Lack Of Cert Requirement Smells... And It's Not The Wastewater

The Professional Airways Systems Specialists (PASS), AFL-CIO, the union that represents FAA technical employees who install, maintain, repair and certify radar, navigation and communication systems equipment, testified Wednesday before the House Committee on Transportation & Infrastructure, Subcommittee on Aviation, to discuss its concerns regarding the FAA's Automatic Dependent Surveillance-Broadcast (ADS-B) contract.

In his remarks, PASS President Tom Brantley told lawmakers that he was especially disturbed by the elimination of the need for FAA certification of the system.

For decades, all air traffic control systems, subsystems and services directly affecting the flying public were required to be certified -- a process in which a certified FAA technician checks and tests systems or equipment to ensure that the system or equipment can safely remain in service without negative impact to the National Airspace System (NAS).

However, shortly after the ADS-B contract was awarded to ITT Corporation, the FAA made changes to its certification program... so that only FAA-owned systems could be certified.
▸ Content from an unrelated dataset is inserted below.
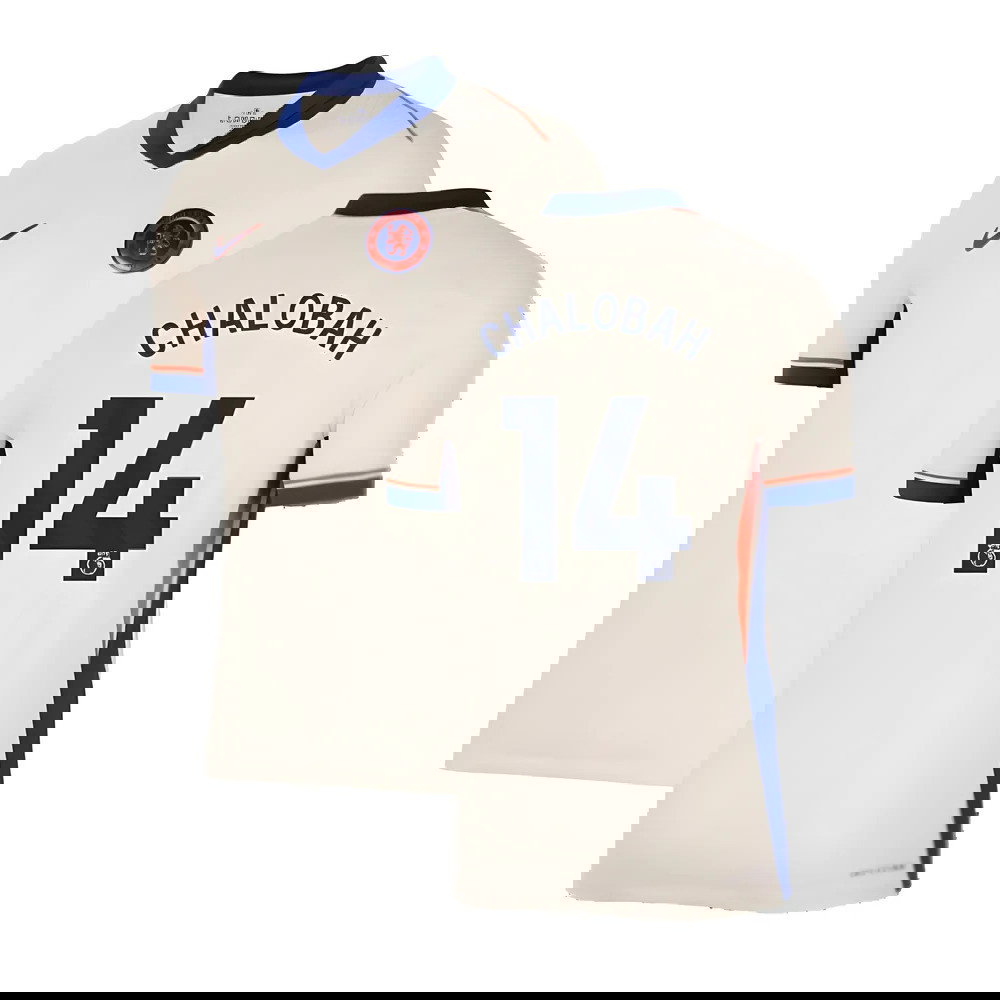 2024-2025 Chelsea Dri-FIT ADV Match Away Shirt (Chalobah 14)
As ANN reported, ITT is a leading US defense contractor... as well as the world's largest supplier of equipment to move and treat water and wastewater.

"We are concerned that the newly awarded ADS-B contract may have negative consequences on aviation safety," said Brantley. "FAA employees are the only people with detailed knowledge of the intricacies associated with NAS systems and operations and are the only individuals trained to deal specifically with equipment failures and the complex intricacies associated with such a vast network of systems and equipment. Private contractors simply lack the skills, training and knowledge of federal employees."

The FAA intends to perform "service certification" on ADS-B, which relies upon users -- pilots and contractors -- to tell the FAA that there is a problem, according to Brantley.

"Basically, the FAA is doing away with internal quality checks," said Brantley. "PASS is extremely concerned that the elimination of FAA involvement related to such an important system places far too much reliance on the contractor."

PASS stressed the importance of including FAA employees in the process, emphasizing that allowing ADS-B to exist as an entirely vendor-run operation will, at the very least, result in additional service disruptions and longer delays.

"Placing responsibility for a system as vital to air travel as ADS-B entirely in the hands of the private sector threatens the safety of the flying public, especially given the FAA's troubled history of contract management," said Brantley. "PASS strongly supports modernization of the NAS, but never in a manner that compromises the very foundation of safety upon which our current system is based."